• DATA BLOCK
------------------------------------
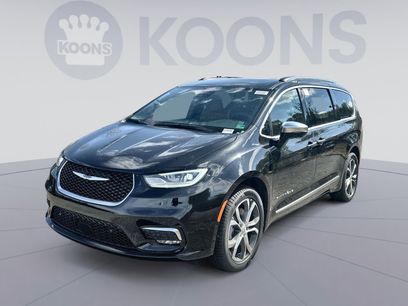 New 2026 Chrysler Pacifica Pinnacle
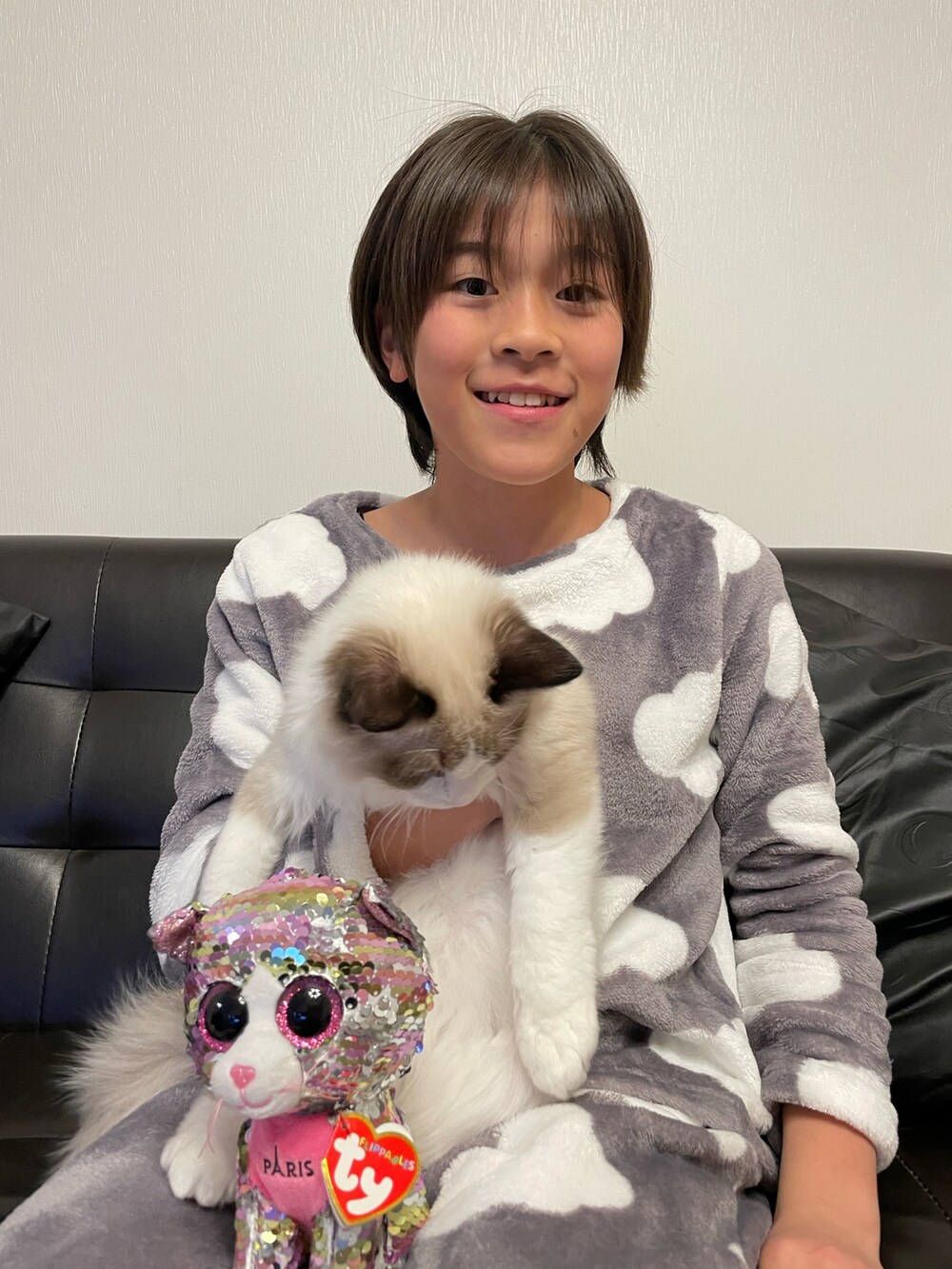 グレー系のルームウェア/パジャマ、シルバー系のフィギュア、ブラウン系のその他を着用したキッズの冬コーディネートの3枚目の写真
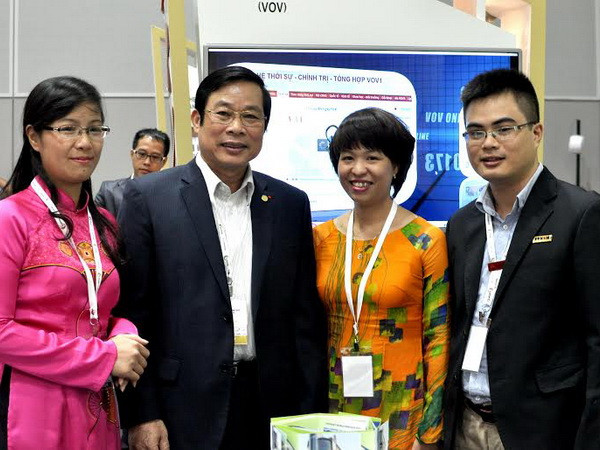 Đội hình mạnh của Việt Nam dự Triển lãm Hội tụ Kuala Lumpur ảnh 4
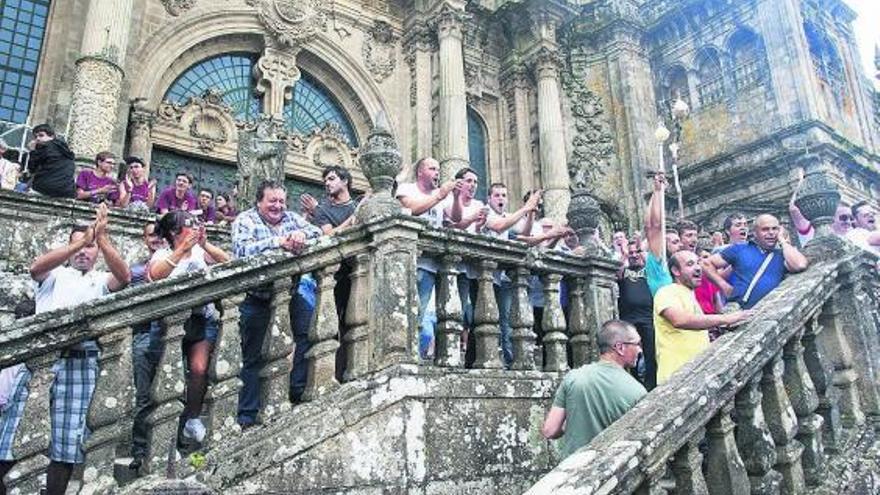 Los concentrados ayer al final del acto en las escaleras de la fachada de la catedral de Santiago. // Ó.Corral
------------------------------------
• TASK ITEM
What you return must match the material above exactly, apart from its pictures.

• TASK OUTPUT
 New 2026 Chrysler Pacifica Pinnacle
 グレー系のルームウェア/パジャマ、シルバー系のフィギュア、ブラウン系のその他を着用したキッズの冬コーディネートの3枚目の写真
 Đội hình mạnh của Việt Nam dự Triển lãm Hội tụ Kuala Lumpur ảnh 4
 Los concentrados ayer al final del acto en las escaleras de la fachada de la catedral de Santiago. // Ó.Corral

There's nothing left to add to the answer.